The human right to water provides the overarching framework for the toolbox. The framework outlines the responsibilities of water service providers and the standards that need to be met for ensuring that the right to water and sanitation are realized. A human rights framework emphasizes the importance of participation and non-discrimination in the planning and management of these services.

Initial results from the piloting of the toolbox found that the communities are now involved in the planning and budgeting of facilities, with a notable increase in the participation of indigenous groups and women. This has helped draw a more accurate picture of the priorities and specific needs of these groups in regard to water and sanitation services.
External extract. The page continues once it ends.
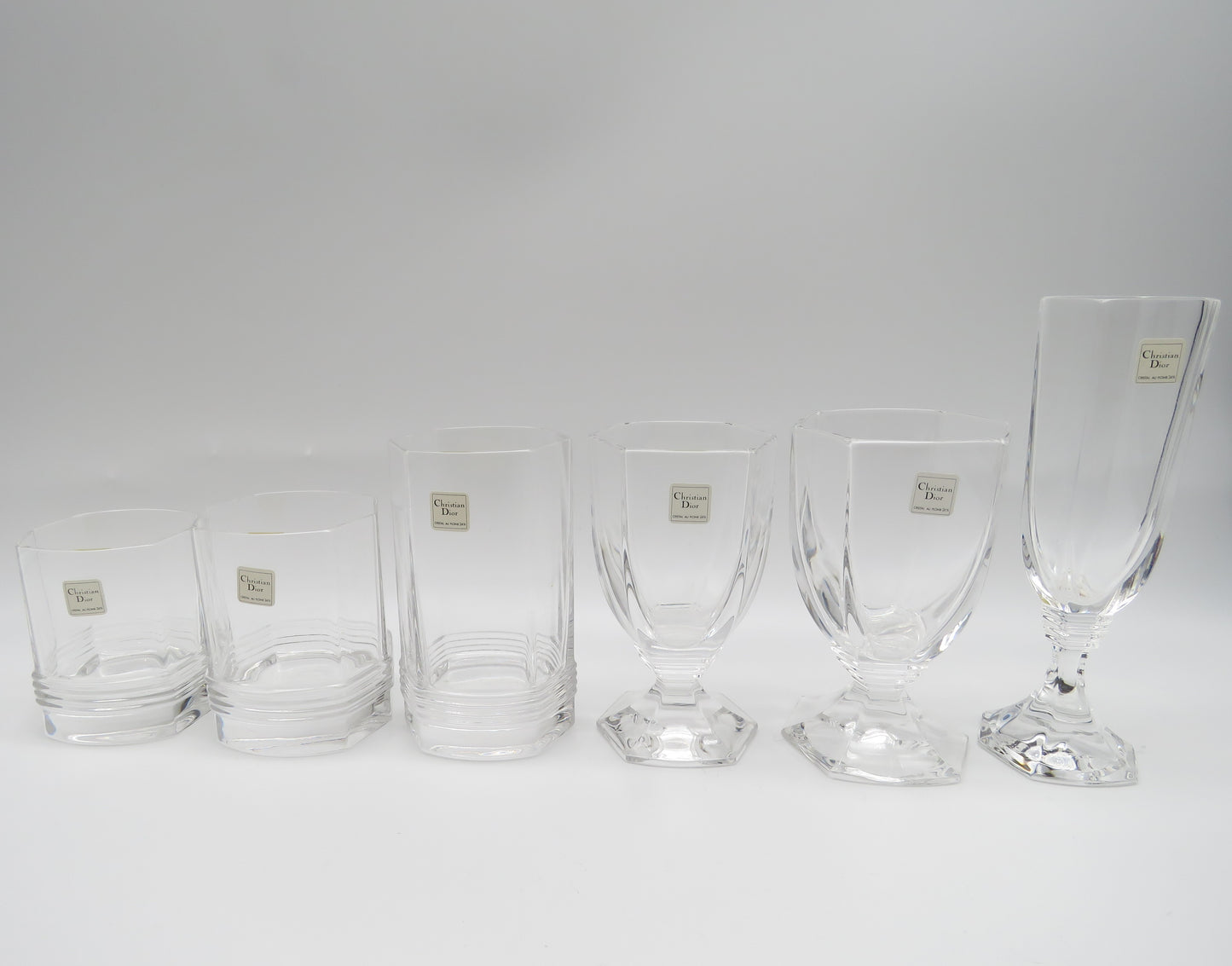 Verres à cocktail Highball, DIOR série Montaigne, 70s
By establishing a social contract between the providers and users of services, formal accountability measurements are created that ensure that local service providers abide by their duties and that human rights standards for water and sanitation are met.


The Philippines is a multi-party, democratic republic with a population of close to 95 million. In 2009, the Philippines gained the status of a middle-income country. It has since shown resilience to recent external shocks, such as food and fuel price hikes, the global financial crisis and recession and the impact of natural disasters.
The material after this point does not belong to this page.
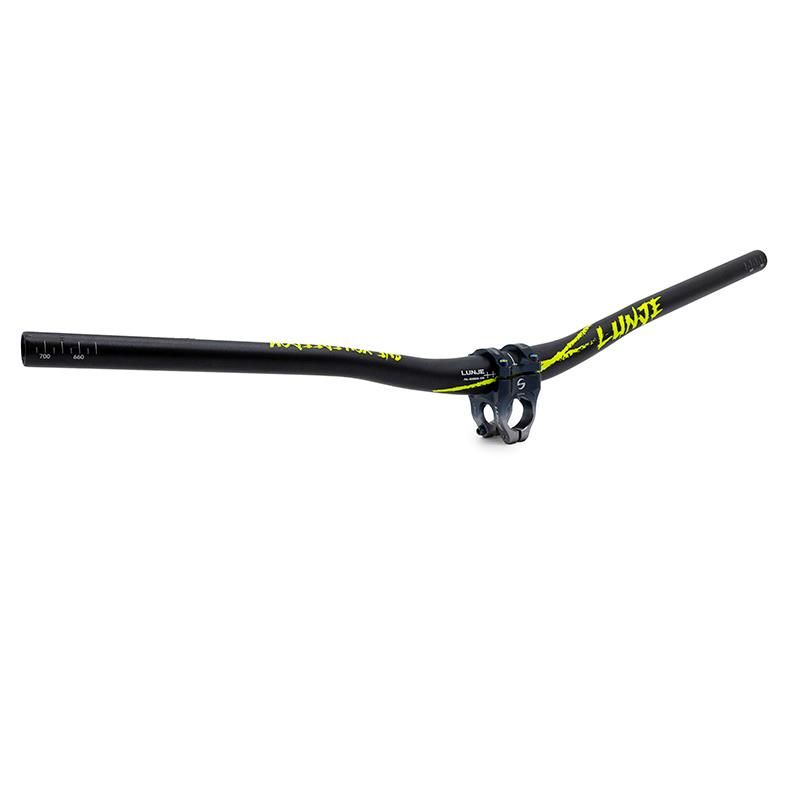 Manubrio da 720mm con elevazione 25mm blu-nero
While the Philippines has experienced unprecedented economic growth over the past ten years, achieving inclusive growth that benefits the poor has been a continuing challenge. Poverty has remained at about the same level during the last decade, with a little over a quarter of the population below the poverty line.1 Ensuring that social services reach the poor remains a major challenge. Corruption and political patronage have contributed to a worsening gap between the rich and the poor. Moreover, the Philippines’ rapid population growth, which is one of the highest in Asia, has exacerbated poverty and fueled rapid urban population growth, overseas labour migration and unprecedented environmental degradation.2

To respond to these challenges, the Government of the Philippines has made inclusive growth the primary objective of its national development plan – the Medium Term Philippine Development Plan – for the next six years (2011-2016).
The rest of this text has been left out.